A gentle introduction to XDP

XDP, or eXpress Data Path, is a Linux networking feature that enables you to create high-performance packet-processing programs that run in the kernel. Introduced in Linux 4.8 and built on extended Berkeley Packet Filter (eBPF), XDP provides a mechanism to process network packets earlier and faster than is possible through the kernel’s native network stack.

In this post, we’ll discuss:

• Challenges with the traditional network stack
• Packet flow in the kernel with XDP
• The mechanics of XDP programs
• How to build a simple XDP program

Challenges with the traditional network stack

The Linux kernel’s network stack is designed to be flexible and support a wide range of networking protocols and features, but the cost of this versatility is high overhead. By default, packets go through a large number of steps before they can be passed to any application. When an incoming packet arrives at a network interface card (NIC), that packet is first transferred into a ring buffer in the kernel called the rx_ring. The packet is then copied to an instance of a data structure in the kernel network stack called an sk_buff, which stores the raw packet data and packet metadata. This data structure provides a rich set of packet-processing features, such as header parsing, checksumming, and fragmentation. Once in an sk_buff, the packet is directed to the appropriate packet handler, after which it is sent up the stack for further processing.

Note: The sk_buff data structure type, which is defined in the Linux kernel, is also known as a socket buffer or SKB. It is used to store information about the packet, such as its size, protocol, and other metadata. See here for the full specs about this struct.

Despite the rich set of features in the sk_buff, copying each packet to an instance of this data structure can be especially slow and costly. This process can affect the performance of traditional packet-processing solutions, such as Netfilter hooks. The high overhead built into the native network processing is particularly problematic for applications that require high performance, such as DDoS protection and firewall applications.

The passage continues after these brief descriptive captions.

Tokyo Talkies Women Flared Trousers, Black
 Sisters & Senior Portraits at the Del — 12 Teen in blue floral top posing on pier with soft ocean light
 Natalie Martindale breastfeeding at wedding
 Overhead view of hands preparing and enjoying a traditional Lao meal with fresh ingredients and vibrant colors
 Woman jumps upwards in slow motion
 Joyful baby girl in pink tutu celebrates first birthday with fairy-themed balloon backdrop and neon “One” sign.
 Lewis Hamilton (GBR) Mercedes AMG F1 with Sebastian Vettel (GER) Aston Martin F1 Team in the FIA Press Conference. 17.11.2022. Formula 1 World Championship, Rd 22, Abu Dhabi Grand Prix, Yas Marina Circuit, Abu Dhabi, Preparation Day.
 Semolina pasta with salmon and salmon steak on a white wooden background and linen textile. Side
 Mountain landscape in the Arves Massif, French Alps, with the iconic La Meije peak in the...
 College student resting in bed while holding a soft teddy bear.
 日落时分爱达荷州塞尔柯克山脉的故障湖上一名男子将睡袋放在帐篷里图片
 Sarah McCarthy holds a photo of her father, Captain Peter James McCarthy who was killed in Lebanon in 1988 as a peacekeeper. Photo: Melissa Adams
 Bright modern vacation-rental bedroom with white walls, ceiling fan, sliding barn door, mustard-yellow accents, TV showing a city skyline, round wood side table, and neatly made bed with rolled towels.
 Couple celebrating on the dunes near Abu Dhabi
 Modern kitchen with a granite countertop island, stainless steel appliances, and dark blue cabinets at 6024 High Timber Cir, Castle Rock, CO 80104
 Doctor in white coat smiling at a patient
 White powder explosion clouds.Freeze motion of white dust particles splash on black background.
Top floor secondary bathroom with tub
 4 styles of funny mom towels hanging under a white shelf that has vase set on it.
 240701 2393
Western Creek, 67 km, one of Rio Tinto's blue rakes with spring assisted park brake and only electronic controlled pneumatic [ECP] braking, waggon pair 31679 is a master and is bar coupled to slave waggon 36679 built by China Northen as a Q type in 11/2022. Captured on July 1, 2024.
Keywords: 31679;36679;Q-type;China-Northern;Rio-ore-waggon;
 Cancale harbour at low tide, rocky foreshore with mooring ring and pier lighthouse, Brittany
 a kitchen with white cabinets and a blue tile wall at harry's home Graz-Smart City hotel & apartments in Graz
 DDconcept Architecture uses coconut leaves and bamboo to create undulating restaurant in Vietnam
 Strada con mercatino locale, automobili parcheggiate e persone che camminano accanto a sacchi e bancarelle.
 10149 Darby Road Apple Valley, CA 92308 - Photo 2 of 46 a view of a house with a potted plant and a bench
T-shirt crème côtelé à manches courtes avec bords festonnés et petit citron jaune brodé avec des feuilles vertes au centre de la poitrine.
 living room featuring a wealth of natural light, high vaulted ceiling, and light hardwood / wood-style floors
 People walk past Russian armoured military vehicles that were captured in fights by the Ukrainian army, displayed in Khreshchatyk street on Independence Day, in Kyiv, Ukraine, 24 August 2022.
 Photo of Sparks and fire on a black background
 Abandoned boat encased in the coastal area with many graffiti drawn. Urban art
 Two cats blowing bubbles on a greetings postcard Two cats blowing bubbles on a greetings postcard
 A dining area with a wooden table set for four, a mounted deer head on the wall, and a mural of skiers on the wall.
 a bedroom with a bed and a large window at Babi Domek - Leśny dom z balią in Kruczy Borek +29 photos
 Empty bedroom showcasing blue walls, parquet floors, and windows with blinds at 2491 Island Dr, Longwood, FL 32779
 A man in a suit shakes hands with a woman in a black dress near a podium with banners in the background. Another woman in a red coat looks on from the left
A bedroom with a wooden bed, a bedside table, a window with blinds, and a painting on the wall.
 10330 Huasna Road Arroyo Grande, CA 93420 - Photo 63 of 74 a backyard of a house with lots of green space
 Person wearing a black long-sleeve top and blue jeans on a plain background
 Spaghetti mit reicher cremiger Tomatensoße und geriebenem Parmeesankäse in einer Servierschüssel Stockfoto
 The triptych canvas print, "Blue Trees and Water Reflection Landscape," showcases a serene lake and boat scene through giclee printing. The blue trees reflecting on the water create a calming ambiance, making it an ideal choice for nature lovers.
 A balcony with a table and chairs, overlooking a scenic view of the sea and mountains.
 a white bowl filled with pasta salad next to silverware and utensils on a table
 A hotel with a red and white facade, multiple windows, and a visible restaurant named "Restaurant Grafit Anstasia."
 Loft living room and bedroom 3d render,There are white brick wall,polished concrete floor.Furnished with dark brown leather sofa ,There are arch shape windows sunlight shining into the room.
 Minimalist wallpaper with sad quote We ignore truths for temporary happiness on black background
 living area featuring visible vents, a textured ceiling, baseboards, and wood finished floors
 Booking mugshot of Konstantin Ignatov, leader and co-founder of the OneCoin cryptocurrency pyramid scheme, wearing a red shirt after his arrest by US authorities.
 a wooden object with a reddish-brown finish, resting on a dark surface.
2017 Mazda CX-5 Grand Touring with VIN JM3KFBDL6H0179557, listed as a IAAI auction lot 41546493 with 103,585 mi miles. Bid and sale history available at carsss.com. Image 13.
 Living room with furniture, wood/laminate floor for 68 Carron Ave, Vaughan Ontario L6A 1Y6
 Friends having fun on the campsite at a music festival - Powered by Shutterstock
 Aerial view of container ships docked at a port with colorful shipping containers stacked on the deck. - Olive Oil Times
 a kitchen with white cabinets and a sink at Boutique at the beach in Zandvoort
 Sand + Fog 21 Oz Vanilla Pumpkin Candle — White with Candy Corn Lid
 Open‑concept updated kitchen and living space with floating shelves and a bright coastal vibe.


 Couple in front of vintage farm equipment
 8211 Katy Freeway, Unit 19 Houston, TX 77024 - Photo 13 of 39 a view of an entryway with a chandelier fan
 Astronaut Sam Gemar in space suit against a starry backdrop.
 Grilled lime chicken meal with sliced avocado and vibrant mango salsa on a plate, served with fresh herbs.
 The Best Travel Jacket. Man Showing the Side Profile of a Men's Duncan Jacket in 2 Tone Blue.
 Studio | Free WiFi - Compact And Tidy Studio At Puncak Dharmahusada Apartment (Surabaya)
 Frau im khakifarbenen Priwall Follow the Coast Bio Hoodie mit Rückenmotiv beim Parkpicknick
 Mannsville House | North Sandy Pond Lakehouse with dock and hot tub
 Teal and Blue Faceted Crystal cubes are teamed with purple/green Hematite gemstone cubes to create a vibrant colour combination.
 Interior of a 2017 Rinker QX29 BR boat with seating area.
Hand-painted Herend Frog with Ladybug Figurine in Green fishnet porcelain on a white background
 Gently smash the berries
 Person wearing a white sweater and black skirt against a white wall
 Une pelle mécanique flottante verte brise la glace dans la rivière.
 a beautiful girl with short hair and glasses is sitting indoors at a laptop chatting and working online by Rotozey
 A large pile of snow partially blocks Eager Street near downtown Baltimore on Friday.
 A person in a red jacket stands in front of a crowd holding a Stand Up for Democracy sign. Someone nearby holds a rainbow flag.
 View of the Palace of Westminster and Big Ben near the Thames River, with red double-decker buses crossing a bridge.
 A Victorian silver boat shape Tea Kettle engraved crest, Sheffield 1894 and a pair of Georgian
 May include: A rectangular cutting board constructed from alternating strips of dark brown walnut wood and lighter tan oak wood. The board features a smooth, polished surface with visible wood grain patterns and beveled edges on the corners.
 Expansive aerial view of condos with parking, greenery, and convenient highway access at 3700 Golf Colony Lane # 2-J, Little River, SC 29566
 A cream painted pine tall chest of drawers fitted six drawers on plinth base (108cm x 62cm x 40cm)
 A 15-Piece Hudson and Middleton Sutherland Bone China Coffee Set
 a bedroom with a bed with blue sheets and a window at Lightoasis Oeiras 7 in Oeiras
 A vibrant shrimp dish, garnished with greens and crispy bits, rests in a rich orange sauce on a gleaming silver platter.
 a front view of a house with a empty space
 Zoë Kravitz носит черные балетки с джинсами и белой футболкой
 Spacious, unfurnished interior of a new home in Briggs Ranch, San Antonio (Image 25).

One way to improve the efficiency of packet processing, therefore, would be to process the packet before it gets copied to an sk_buff struct, as shown below:

Packet flow in the kernel with XDP

An XDP program is an eBPF-based program that typically runs as a hook point in the NIC driver. An XDP program can therefore handle a packet and decide its fate as early as it comes in—even before it is handed off to the network stack. (Note: XDP programs can also run in two other ways, which we will discuss later.)

More specifically, an XDP program normally operates on the rx_ring buffer before the packet gets copied to an sk_buff. This design allows for XDP packet handlers to run extremely early while also enjoying the speed and safety benefits available to eBPF programs.

The following diagram illustrates packet flow in the kernel with XDP. After a NIC at the top left receives a packet, the packet is picked up by the NIC driver. An XDP hook in the driver then allows an XDP program to process the packet immediately in the eBPF virtual machine. The XDP program can then perform processing on the packet itself. Next, it can allow selected packets to bypass the kernel’s network stack by redirecting the packet to another NIC (REDIRECT) or by re-transmitting it out the same NIC (TX). Alternatively, the XDP program can drop selected packets (DROP) or allow others to continue through to the network stack (PASS).

The mechanics of XDP programs

XDP programs all generally run according to a similar pattern and share common features. For example, they all can perform a limited set of predefined actions and run in various predefined execution modes. However, before we can delve into these details, it’s important to understand some basic conditions that are in place even before an XDP program runs:

• An XDP program is attached to a specific NIC in a machine and can process incoming packets from that NIC only. (If there are two or more NICs, the program will see the packets coming only from the specific NIC it is attached to.)
• An XDP program is visible only to incoming packets.
• The Linux kernel defines a struct called xdp_md that contains information about an incoming packet, such as its location in memory and its size. The xdp_md struct is lightweight and optimized for fast packet-processing. It is also the struct that a coder uses to process and manipulate the packet in an XDP program.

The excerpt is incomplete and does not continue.